## What the exercise asks
The full listing, excluding its pictures, should be printed exactly as it stands.

## Recorded information
☆ ☆ ☆ ☆ ☆

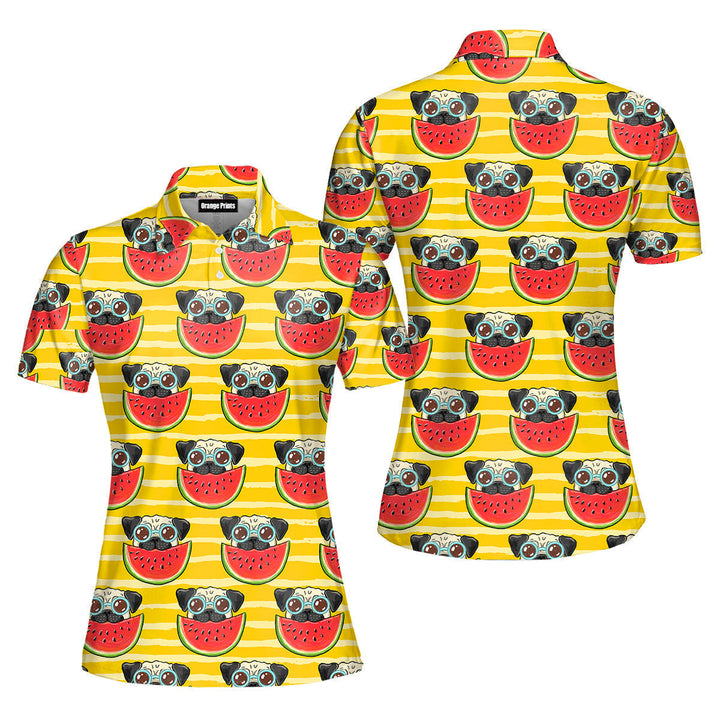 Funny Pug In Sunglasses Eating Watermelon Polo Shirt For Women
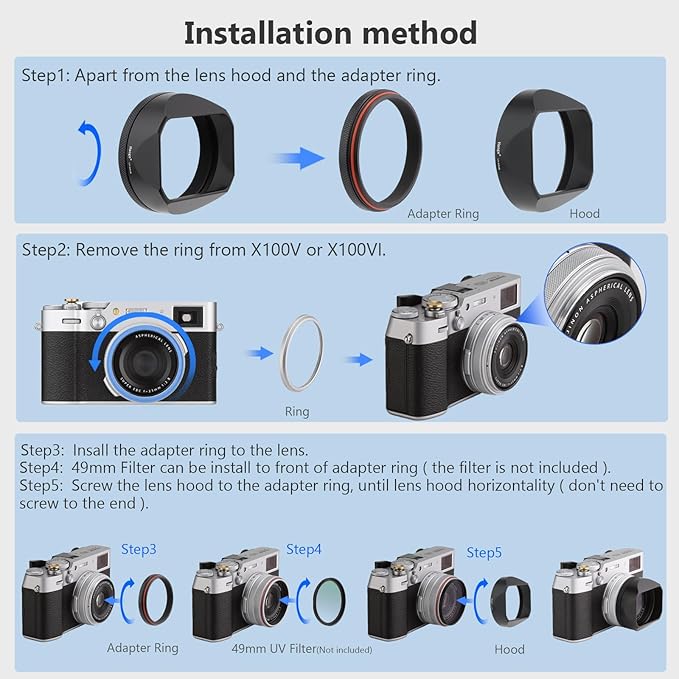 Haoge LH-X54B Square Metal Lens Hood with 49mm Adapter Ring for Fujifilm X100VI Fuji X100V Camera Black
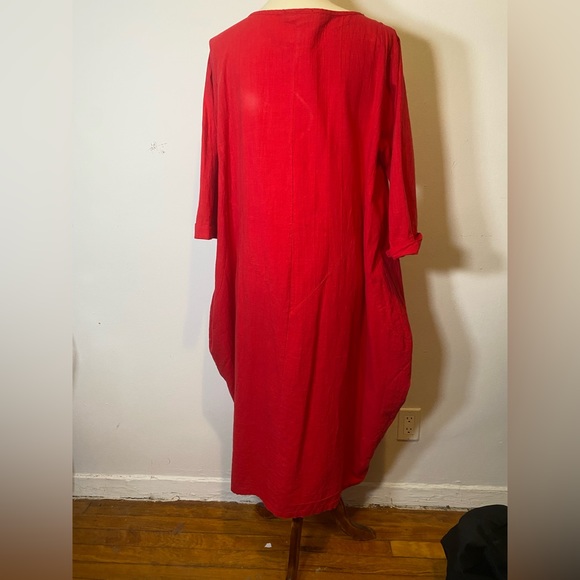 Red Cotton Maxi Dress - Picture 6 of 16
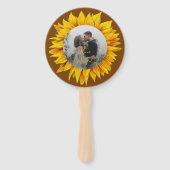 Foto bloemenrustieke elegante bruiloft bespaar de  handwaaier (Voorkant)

☆ ☆ ☆ ☆ ☆

## Exercise solution
 Funny Pug In Sunglasses Eating Watermelon Polo Shirt For Women
 Haoge LH-X54B Square Metal Lens Hood with 49mm Adapter Ring for Fujifilm X100VI Fuji X100V Camera Black
 Red Cotton Maxi Dress - Picture 6 of 16
 Foto bloemenrustieke elegante bruiloft bespaar de  handwaaier (Voorkant)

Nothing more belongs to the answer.